§ WHAT YOU HAVE TO DO
Output the listing exactly as written, apart from its pictures.

§ PROVIDED DATA
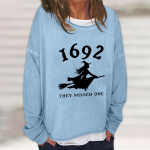 Naiste vabaaja moe vintage tr&uuml;kitud pikkade varrukatega O-kaelusega kampsun, kihiline pullover XXL sinine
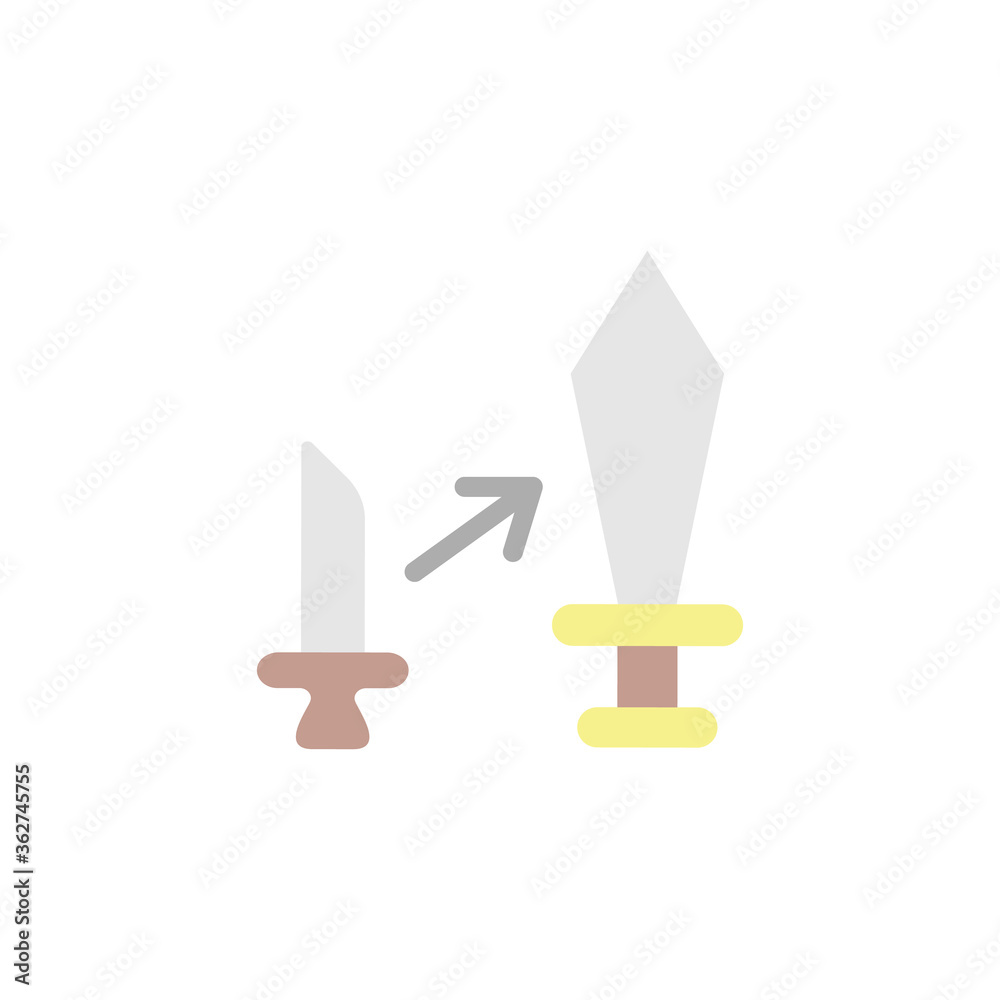 Poster upgrade, sword icon. simple color vector elements of video game icons for ui and ux, website or mobi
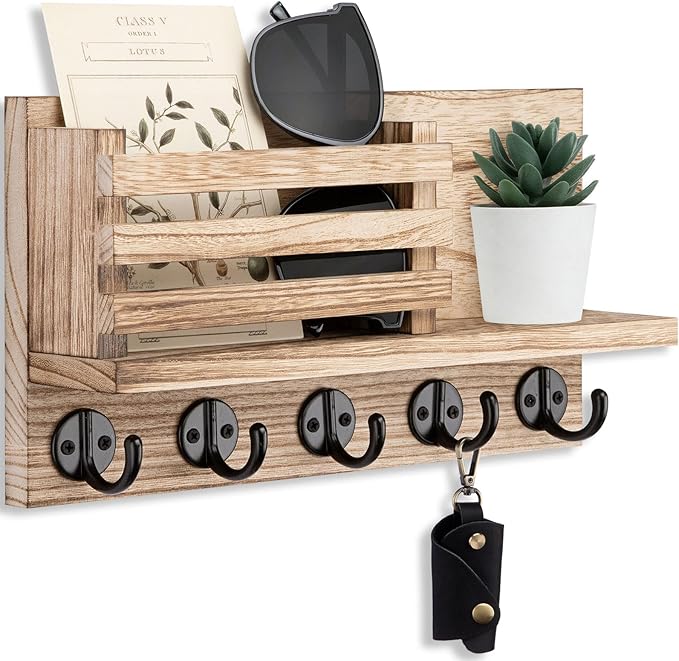 Lwenki Key Holder for Wall – Decorative Wooden Mail Holder and Key Shelf with Mounting Hardware, Installation Guide – Paulownia Wood with 5 Metal Key Hooks (11.8” x 6.7” x 2.8”)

§ FINISHED TASK
 Naiste vabaaja moe vintage tr&uuml;kitud pikkade varrukatega O-kaelusega kampsun, kihiline pullover XXL sinine
 Poster upgrade, sword icon. simple color vector elements of video game icons for ui and ux, website or mobi
 Lwenki Key Holder for Wall – Decorative Wooden Mail Holder and Key Shelf with Mounting Hardware, Installation Guide – Paulownia Wood with 5 Metal Key Hooks (11.8” x 6.7” x 2.8”)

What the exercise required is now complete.